Task requirements>
All lines from the entries below that contain the string "photo" should be copied out.

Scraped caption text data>
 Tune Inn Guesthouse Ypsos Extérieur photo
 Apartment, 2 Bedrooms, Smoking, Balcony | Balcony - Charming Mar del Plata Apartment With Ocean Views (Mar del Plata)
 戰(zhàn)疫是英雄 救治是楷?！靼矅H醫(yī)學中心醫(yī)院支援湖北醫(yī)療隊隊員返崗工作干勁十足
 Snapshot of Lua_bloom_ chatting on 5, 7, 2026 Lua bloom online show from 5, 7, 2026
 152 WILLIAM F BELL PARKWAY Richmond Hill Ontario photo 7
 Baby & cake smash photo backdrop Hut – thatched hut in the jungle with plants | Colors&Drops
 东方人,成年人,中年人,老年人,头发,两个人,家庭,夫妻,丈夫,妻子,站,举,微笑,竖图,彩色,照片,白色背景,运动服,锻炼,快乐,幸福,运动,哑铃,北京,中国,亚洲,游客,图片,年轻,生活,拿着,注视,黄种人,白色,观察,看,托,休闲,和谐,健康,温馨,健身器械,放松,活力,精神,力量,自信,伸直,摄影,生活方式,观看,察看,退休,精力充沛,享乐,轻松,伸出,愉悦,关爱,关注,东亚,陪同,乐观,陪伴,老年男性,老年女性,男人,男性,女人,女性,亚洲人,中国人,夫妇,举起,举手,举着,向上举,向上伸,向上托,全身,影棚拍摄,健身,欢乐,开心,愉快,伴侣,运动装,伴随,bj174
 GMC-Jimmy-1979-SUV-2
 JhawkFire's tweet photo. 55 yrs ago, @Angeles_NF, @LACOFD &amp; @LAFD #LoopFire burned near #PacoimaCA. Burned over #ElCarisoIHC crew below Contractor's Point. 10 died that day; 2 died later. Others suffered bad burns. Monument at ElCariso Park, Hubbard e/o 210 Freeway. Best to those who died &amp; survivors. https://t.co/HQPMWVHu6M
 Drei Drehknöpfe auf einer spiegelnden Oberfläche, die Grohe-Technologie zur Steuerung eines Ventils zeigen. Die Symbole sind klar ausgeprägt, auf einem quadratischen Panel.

Answer to the problem>
 Tune Inn Guesthouse Ypsos Extérieur photo
 152 WILLIAM F BELL PARKWAY Richmond Hill Ontario photo 7
 Baby & cake smash photo backdrop Hut – thatched hut in the jungle with plants | Colors&Drops
 JhawkFire's tweet photo. 55 yrs ago, @Angeles_NF, @LACOFD &amp; @LAFD #LoopFire burned near #PacoimaCA. Burned over #ElCarisoIHC crew below Contractor's Point. 10 died that day; 2 died later. Others suffered bad burns. Monument at ElCariso Park, Hubbard e/o 210 Freeway. Best to those who died &amp; survivors. https://t.co/HQPMWVHu6M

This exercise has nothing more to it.